2010-11-29 08:45:16

by Yong Zhang

[permalink] [raw]
Subject: Re: [tip:sched/core] sched: Do not account irq time to current task

On Tue, Oct 19, 2010 at 3:26 AM, tip-bot for Venkatesh Pallipadi
<[email protected]> wrote:
> Commit-ID:  305e6835e05513406fa12820e40e4a8ecb63743c
> Gitweb:     http://git.kernel.org/tip/305e6835e05513406fa12820e40e4a8ecb63743c
> Author:     Venkatesh Pallipadi <[email protected]>
> AuthorDate: Mon, 4 Oct 2010 17:03:21 -0700
> Committer:  Ingo Molnar <[email protected]>
> CommitDate: Mon, 18 Oct 2010 20:52:26 +0200
>
> sched: Do not account irq time to current task
>
> Scheduler accounts both softirq and interrupt processing times to the
> currently running task. This means, if the interrupt processing was
> for some other task in the system, then the current task ends up being
> penalized as it gets shorter runtime than otherwise.
>
> Change sched task accounting to acoount only actual task time from
> currently running task. Now update_curr(), modifies the delta_exec to
> depend on rq->clock_task.
>
> Note that this change only handles CONFIG_IRQ_TIME_ACCOUNTING case. We can
> extend this to CONFIG_VIRT_CPU_ACCOUNTING with minimal effort. But, thats
> for later.
>
> This change will impact scheduling behavior in interrupt heavy conditions.
>
> Tested on a 4-way system with eth0 handled by CPU 2 and a network heavy
> task (nc) running on CPU 3 (and no RSS/RFS). With that I have CPU 2
> spending 75%+ of its time in irq processing. CPU 3 spending around 35%
> time running nc task.
>
> Now, if I run another CPU intensive task on CPU 2, without this change
> /proc/<pid>/schedstat shows 100% of time accounted to this task.
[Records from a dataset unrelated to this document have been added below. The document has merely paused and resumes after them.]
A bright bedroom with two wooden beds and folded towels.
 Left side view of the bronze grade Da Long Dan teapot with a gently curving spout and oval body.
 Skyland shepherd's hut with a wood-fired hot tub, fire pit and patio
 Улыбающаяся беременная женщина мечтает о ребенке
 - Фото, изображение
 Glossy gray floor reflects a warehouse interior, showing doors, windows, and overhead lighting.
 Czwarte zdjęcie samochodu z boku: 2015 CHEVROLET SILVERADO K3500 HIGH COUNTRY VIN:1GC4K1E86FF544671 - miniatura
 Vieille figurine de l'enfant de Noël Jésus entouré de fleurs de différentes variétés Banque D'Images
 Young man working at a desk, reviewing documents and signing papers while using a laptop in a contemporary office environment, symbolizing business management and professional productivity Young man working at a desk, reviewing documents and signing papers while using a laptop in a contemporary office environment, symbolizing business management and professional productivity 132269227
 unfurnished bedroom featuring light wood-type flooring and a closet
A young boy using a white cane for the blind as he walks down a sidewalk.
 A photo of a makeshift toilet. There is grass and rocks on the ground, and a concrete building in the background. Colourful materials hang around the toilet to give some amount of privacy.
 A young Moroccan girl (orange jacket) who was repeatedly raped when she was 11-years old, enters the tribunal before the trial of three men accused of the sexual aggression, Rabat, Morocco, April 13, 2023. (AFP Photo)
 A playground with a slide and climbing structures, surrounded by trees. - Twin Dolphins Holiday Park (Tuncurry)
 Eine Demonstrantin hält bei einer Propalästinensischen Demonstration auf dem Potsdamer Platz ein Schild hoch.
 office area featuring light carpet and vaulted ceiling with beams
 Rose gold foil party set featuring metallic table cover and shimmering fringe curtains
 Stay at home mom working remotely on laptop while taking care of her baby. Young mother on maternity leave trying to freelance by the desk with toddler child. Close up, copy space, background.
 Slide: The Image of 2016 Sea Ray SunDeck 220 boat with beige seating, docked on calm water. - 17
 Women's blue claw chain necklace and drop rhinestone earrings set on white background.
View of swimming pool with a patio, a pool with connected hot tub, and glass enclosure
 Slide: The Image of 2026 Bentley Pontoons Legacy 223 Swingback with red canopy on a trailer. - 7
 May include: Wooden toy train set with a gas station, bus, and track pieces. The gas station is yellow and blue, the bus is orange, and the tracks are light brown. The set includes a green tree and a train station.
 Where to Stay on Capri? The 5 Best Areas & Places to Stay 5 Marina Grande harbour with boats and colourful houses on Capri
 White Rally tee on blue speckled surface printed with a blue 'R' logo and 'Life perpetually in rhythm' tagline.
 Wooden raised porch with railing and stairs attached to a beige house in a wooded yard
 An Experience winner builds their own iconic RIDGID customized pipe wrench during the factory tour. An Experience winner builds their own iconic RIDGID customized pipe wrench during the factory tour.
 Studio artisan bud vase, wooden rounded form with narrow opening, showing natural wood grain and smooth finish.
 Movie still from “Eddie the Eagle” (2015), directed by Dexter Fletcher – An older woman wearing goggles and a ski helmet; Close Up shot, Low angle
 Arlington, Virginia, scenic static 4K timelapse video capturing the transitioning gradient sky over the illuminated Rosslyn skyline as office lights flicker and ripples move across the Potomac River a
With this
> change, it rightly shows less than 25% accounted to this task as remaining
> time is actually spent on irq processing.
>
> Signed-off-by: Venkatesh Pallipadi <[email protected]>
> Signed-off-by: Peter Zijlstra <[email protected]>
> LKML-Reference: <[email protected]>
> Signed-off-by: Ingo Molnar <[email protected]>
> ---
>  kernel/sched.c      |   43 ++++++++++++++++++++++++++++++++++++++++---
>  kernel/sched_fair.c |    6 +++---
>  kernel/sched_rt.c   |    8 ++++----
>  3 files changed, 47 insertions(+), 10 deletions(-)
>

[snip]

> diff --git a/kernel/sched_rt.c b/kernel/sched_rt.c
> index ab77aa0..bea7d79 100644
> --- a/kernel/sched_rt.c
> +++ b/kernel/sched_rt.c
> @@ -609,7 +609,7 @@ static void update_curr_rt(struct rq *rq)
>        if (!task_has_rt_policy(curr))
>                return;
>
> -       delta_exec = rq->clock - curr->se.exec_start;
> +       delta_exec = rq->clock_task - curr->se.exec_start;
>        if (unlikely((s64)delta_exec < 0))
>                delta_exec = 0;
>
> @@ -618,7 +618,7 @@ static void update_curr_rt(struct rq *rq)
>        curr->se.sum_exec_runtime += delta_exec;
>        account_group_exec_runtime(curr, delta_exec);
>
> -       curr->se.exec_start = rq->clock;
> +       curr->se.exec_start = rq->clock_task;
>        cpuacct_charge(curr, delta_exec);
>
>        sched_rt_avg_update(rq, delta_exec);

Seems the above changes to update_curr_rt() have some false positive
to rt_bandwidth control.
For example:
rt_period=1000000;
rt_runtime=950000;
then if in that period the irq_time is no zero(such as 50000), according to
the throttle mechanism, rt is not throttled. In the end we left no
time to others.
It seems that this break the semantic of throttle.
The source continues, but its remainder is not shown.